Borri’s 1631 Relazione, a Jesuit missions letter directed at his Catholic superiors and lay readers, was already unusual among works in its genre for devoting a substantial part exclusively to non-religious content. Ashley, the translator, executed further changes of his own in order to render the present work more attractive to Protestant business interests—most notably by omitting the part where Borri testified to the struggle and success of his Jesuit missions (particularly the conversion of Pulucambi province). The translation also cheerfully elides two disastrous episodes in recent European trade with Cochin-China: the 1601 massacre of 23 members of an envoy from the VOC, and a similar massacre in 1613 of the crew of an English trading vessel. This attempt to coax England’s notoriously skittish merchants into commerce with Cochin-China is also borne out by Ashley’s choice of dedicatee: Maurice Abbot, the newly-elected governor of the British East India Company.
According to Pollard and Redgrave, the work’s last signature is in 3 rather than 4 because the unsigned title-page was printed as the 4th and final leaf.
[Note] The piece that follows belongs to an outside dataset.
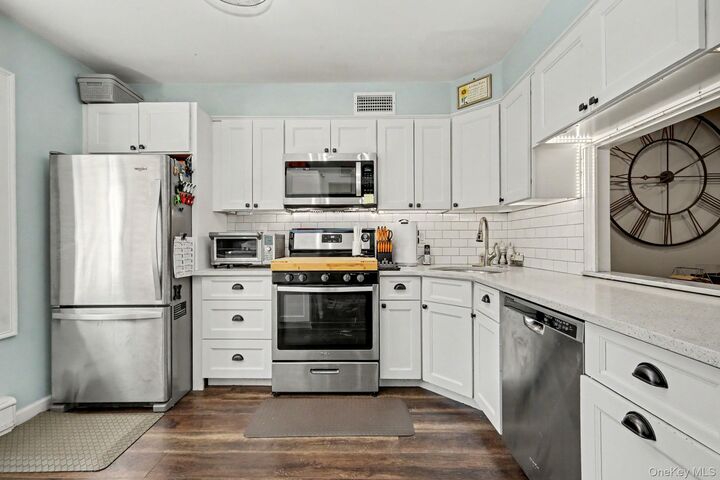 Property Photo:  3 Adrian Court E  NY 10567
Cristoforo Borri (1583-1632), a Milanese astronomer, lived in Cochin-China from 1617-1622, where he learned enough of the language to hear confession. By 1633, two years after its first appearance, his Relatione had been translated into French, German, Dutch and English. This is the first copy to appear on the market since 1988 [Christie’s sale of John Fleming, 11.08.88].
* STC 1504; Lach.III, v. 3, p. 1250-1266; Dror & Taylor, Views of 17th C Vietnam, pp. 66. Not in Löwendahl, who nonetheless records translations in French, German, and Dutch.